Steer stopping has always been an exciting part of the World’s Greatest Horseman competition. But now we’re seeing it show up at other reined cow horse events. Learn the basics of what steer stopping is and what judges are looking for.

Steer stopping is an event that’s very complementary to the traditionally trained reined cow horse, as it applies all the basic fundamentals you’re teaching your horse from the beginning. It showcases a horse that’s willfully guided, collected, and has natural cow instincts.

Steer stopping is becoming a popular event at different reined cow horse events. Here’s what you need to know. Photo by Nichole Chirico

Tack and Gear

There are a few equipment changes you’ll want to do between your regular cow horse classes and a steer stopping class.

Reins. While it’s completely legal to participate in steer stopping using romal reins, I find that roping reins are much easier to work with. This equipment change is completely up to you; go with whatever your comfort level is.

Saddle. If you’re looking to compete in a steer stopping event, it’s great to look for a versatile saddle that you can use for all events. However, some riders prefer to switch over to a roping saddle, which is also acceptable.

Some of the benefits to using a roping saddle is that it’s designed to help you get to the front of your saddle easier. A roping horn is a little sturdier and can take the jerk when you dally your rope and stop the steer.

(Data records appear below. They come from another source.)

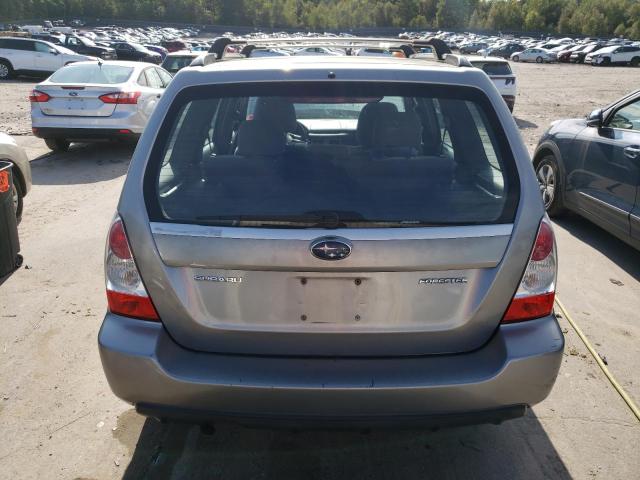 Photo 6 from auction – 2007 SUBARU FORESTER 2 with VIN JF1SG63627H717475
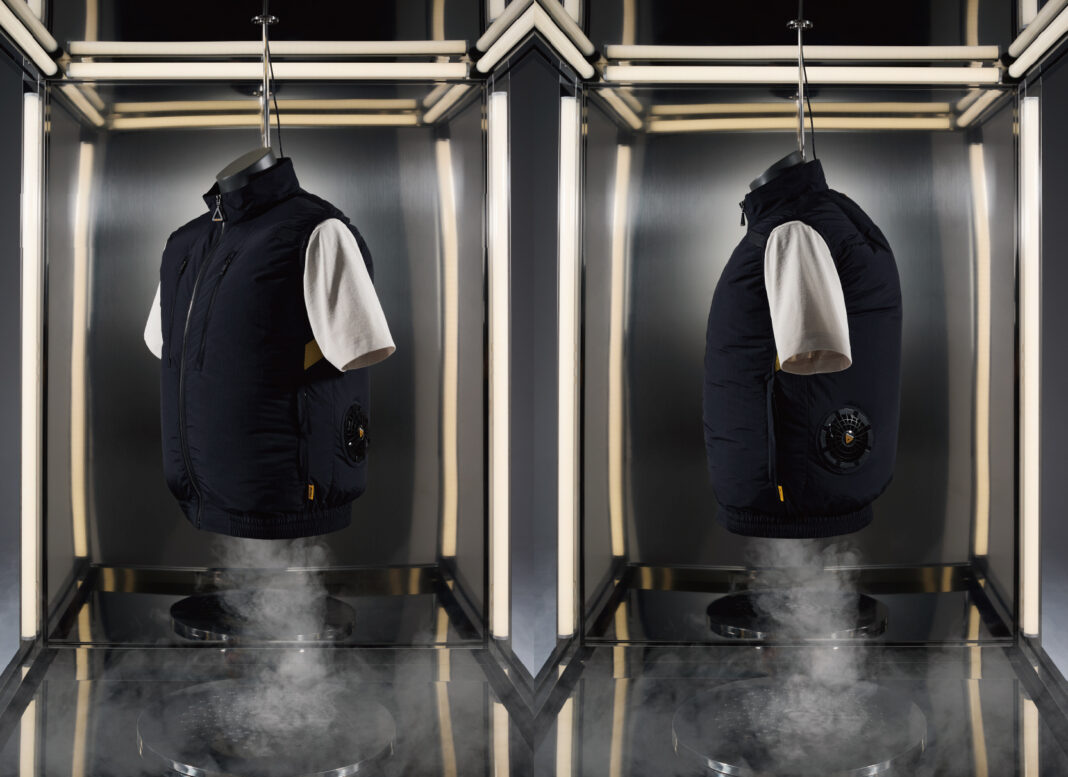 볼디스트, 냉감 기술 앞세운 고기능성 워크웨어 선봬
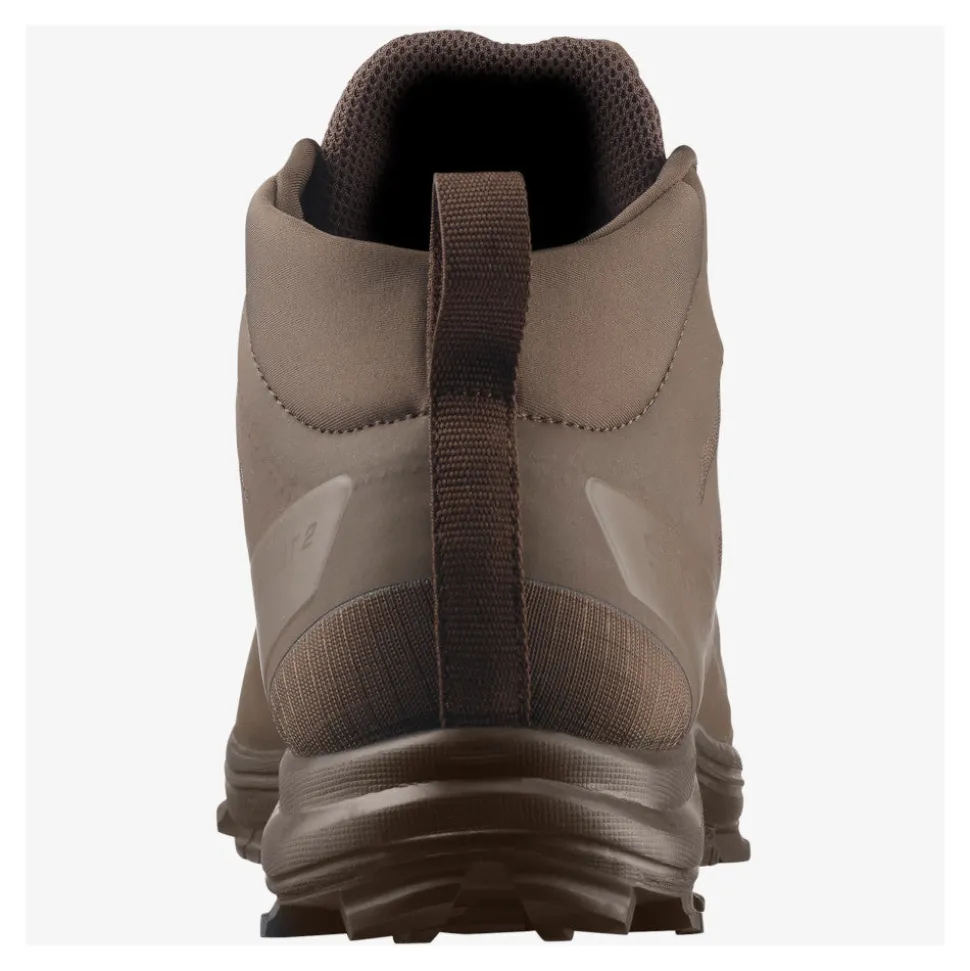 Salomon - Forces Speed Assault 2 Støvler // Earth Brown / Slate Black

Back cinch. A wider back cinch that has more surface area gives more support on the underside of your horse’s belly when you go to stop a steer. It’s also important to make sure your horse is OK with a back cinch being tight. As you don’t want any play in it when the weight of the steer pulls against the horn.

If you’ve never had your back cinch that tight before, it’s worth tightening and then letting your horse move around while you’re on the ground. This will ensure he’s comfortable with it before you get in the saddle.
Mane care. If your horse has a long mane, another thing to consider doing is adding a braid into the bottom half of his mane. When you’re dallying and roping at a high rate of speed, the mane can fly up and get tangled in your dally. Not only can it be dangerous to have the mane flying around, but it can also rip out your horse’s mane.

[Stay Safe in the Warm-Up Pen]

What to Look For

This event is broken down into three separate maneuvers. Here are the things you can look for when practicing steer stopping.

Box and barrier. During this portion of the run, you want a horse that’s willing and relaxed going into the box.

He should stand quietly in the box, ears attentive, and be soft in the bridle. Ideally, he shouldn’t be dancing around or getting anxious. He should also leave the box the same way he enters it, quiet and flat-footed. Make sure he’s not jumping or breaking the barrier as you’re leaving the box.

Run and rate. You want your horse to leave the box with good acceleration to get you into position to throw your rope. Judges are looking to see if the horse breaks at the right time, and how he reacts to the steer. If it’s a hard running steer, you want to see a horse that can accelerate up to the spot. And if it’s a slower steer, you want to see a good burst of speed to get to the steer, but then rate back to match the steer’s speed until the rope releases.

Stop. Your horse should have commitment with the hind feet, and a nice, free-moving front. He should also take the weight of the steer against the horn with ease. You shouldn’t have to use a ton of rein to stop your horse. And you don’t want him locking up his front legs or bracing in the bit during the stop.